→ **What you will do**
First find the line with "αρχοντικό ουρανίας Πανσιόν *" in the entries below, then set down exactly every line through the line with "Podarochnij nabor boks", that line included.

→ **Information**

---

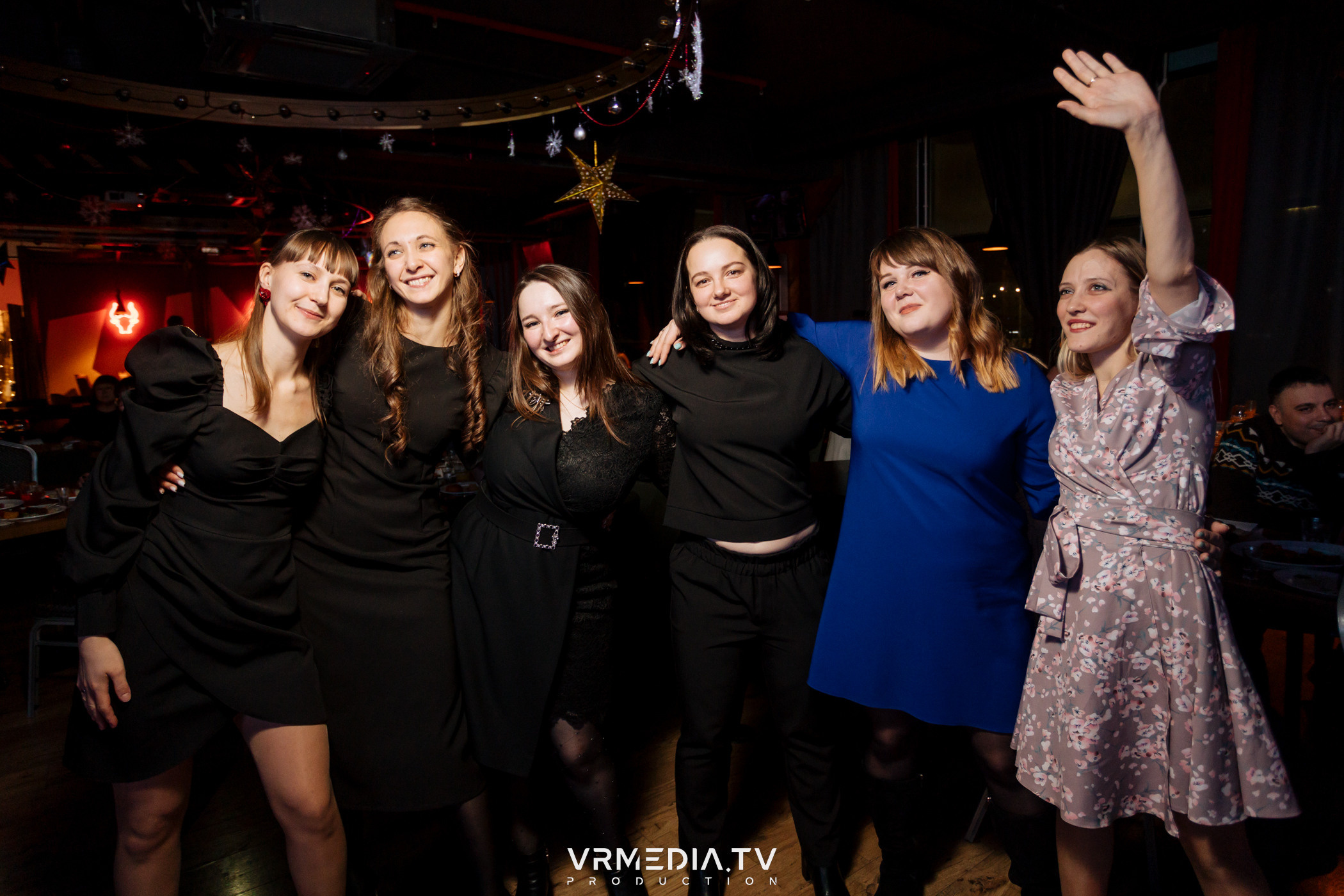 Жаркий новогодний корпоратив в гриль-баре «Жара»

---

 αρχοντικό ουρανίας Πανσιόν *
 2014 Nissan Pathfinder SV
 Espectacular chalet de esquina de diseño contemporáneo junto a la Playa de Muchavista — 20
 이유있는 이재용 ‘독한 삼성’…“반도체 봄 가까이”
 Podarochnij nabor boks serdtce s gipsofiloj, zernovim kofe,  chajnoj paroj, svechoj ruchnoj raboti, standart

---

→ **Finished exercise**
 αρχοντικό ουρανίας Πανσιόν *
 2014 Nissan Pathfinder SV
 Espectacular chalet de esquina de diseño contemporáneo junto a la Playa de Muchavista — 20
 이유있는 이재용 ‘독한 삼성’…“반도체 봄 가까이”
 Podarochnij nabor boks serdtce s gipsofiloj, zernovim kofe,  chajnoj paroj, svechoj ruchnoj raboti, standart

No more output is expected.